Having a fighting champion is great. We’ve seen success stories of underdogs becoming top tier competitors. However, it’s becoming less and less meaningful and more and more turning Orange Cassidy into Super Cena.
During the 2000s, John Cena grabbed that “brass ring” and became the golden boy of WWE. He was an unstoppable champion, winning and winning and moving onto the next championship. That’s why he’s 16-time World Heavyweight Champion — tying Ric Flair’s record.
The reason for the comparison is simple: Orange Cassidy has become Super Cena. Multiple championship defenses. Always winning despite huge “powerful” moves being performed that could finish the matches. “Broken body” yet no doctor has tried to tell him to take rest and/or deem Cassidy not cleared to wrestle. Where’s the storyline of Cassidy feeling fatigue and needs a break or the story of actually losing the title to rest and come back better than ever?
AEW isn’t in need of a single hero like how WWE positioned John Cean back in the 2000s. AEW has multiple stars that have become breakout stars, will become break out stars anytime now, and those that are at home waiting for their opportunity.
Might be an unpopular opinion or unpopular thought, but it has all the signs. Cassidy isn’t as big as Cena. Cassidy has muscles but he has lean muscles and can go in the ring, but I’ve always wondered how far his gimmick would take him. His gimmick or character is a relaxed — super relaxed wrestler that can wrestle with his hand in his pockets. Cassidy is nicknamed “pockets” by some.
Let’s discuss the first clip.
The move above is called a Canadian Destroyer. Looks devastating, right? The Canadian Destroyer was invented by Petey Williams of Team Canada of TNA/Impact Wrestling.

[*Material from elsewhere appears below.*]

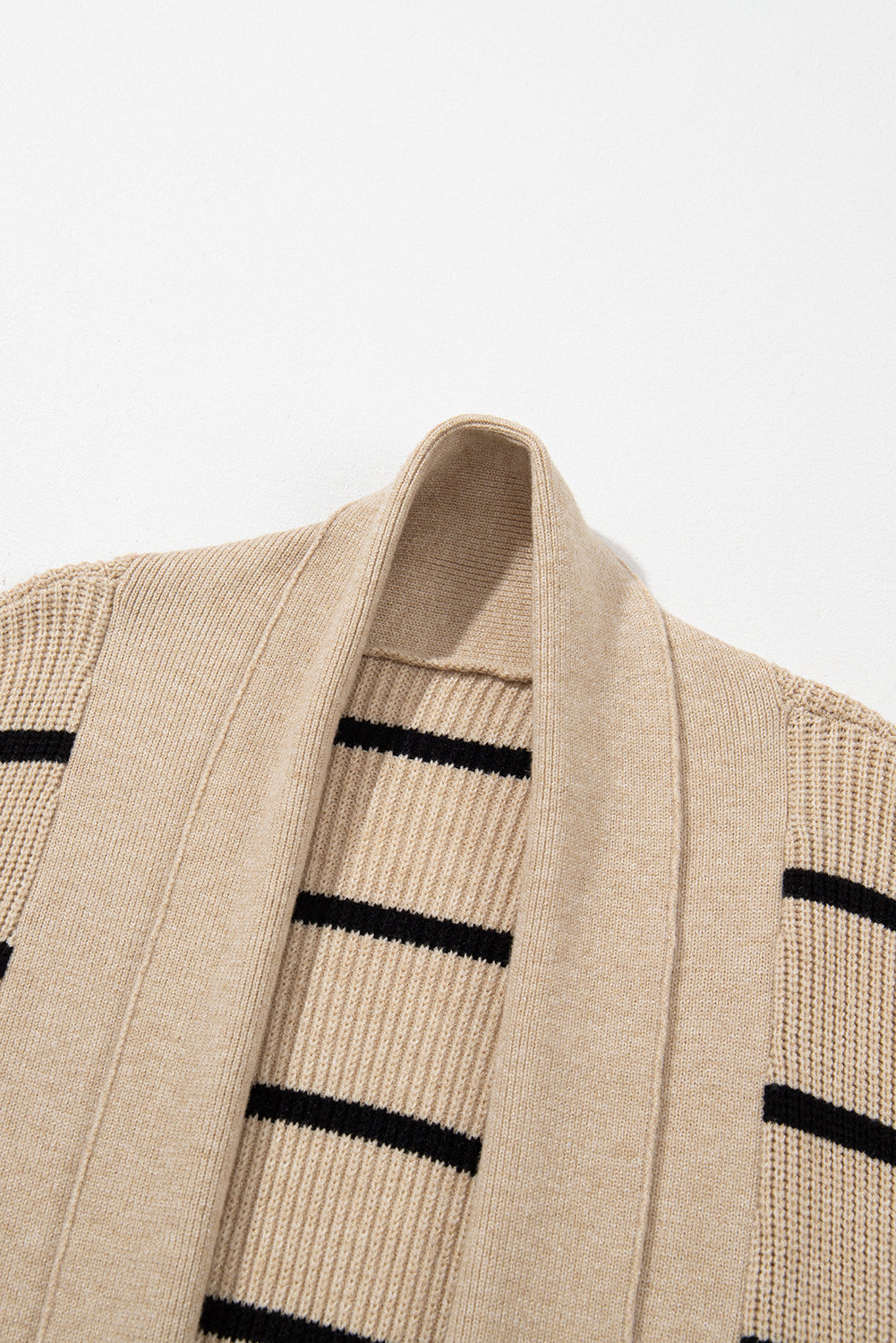 Black Stripe Open Cardigan with Pockets. GCollection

The Canadian Destroyer is meant as a finisher. On the indies, everyone does a Canadian Destroyer but is no longer as effective as it should be. The Canadian Destroyer after Canadian Destroyer with no follow up with a pin attempt and no true story within that sequence severely waters down the once powerful move. A person is landing on their head. How does one recover within 0.01 seconds to get a rebound off the ropes and automatically do their own Canadian Destroyer? That doesn’t make sense and the magic and psychology gets dissolved.
In Japanese wrestling, they have a phrase called: fighting spirit. Think of Fighting Spirit like turning Super Saiyan as a last result when all other moves and options haven’t put away the opponent. Japanese wrestlers will test their strength and might in a flurry of lariats or clotheslines or forearm attacks or something that makes sense in the world of combat fighting and not just gymnastics.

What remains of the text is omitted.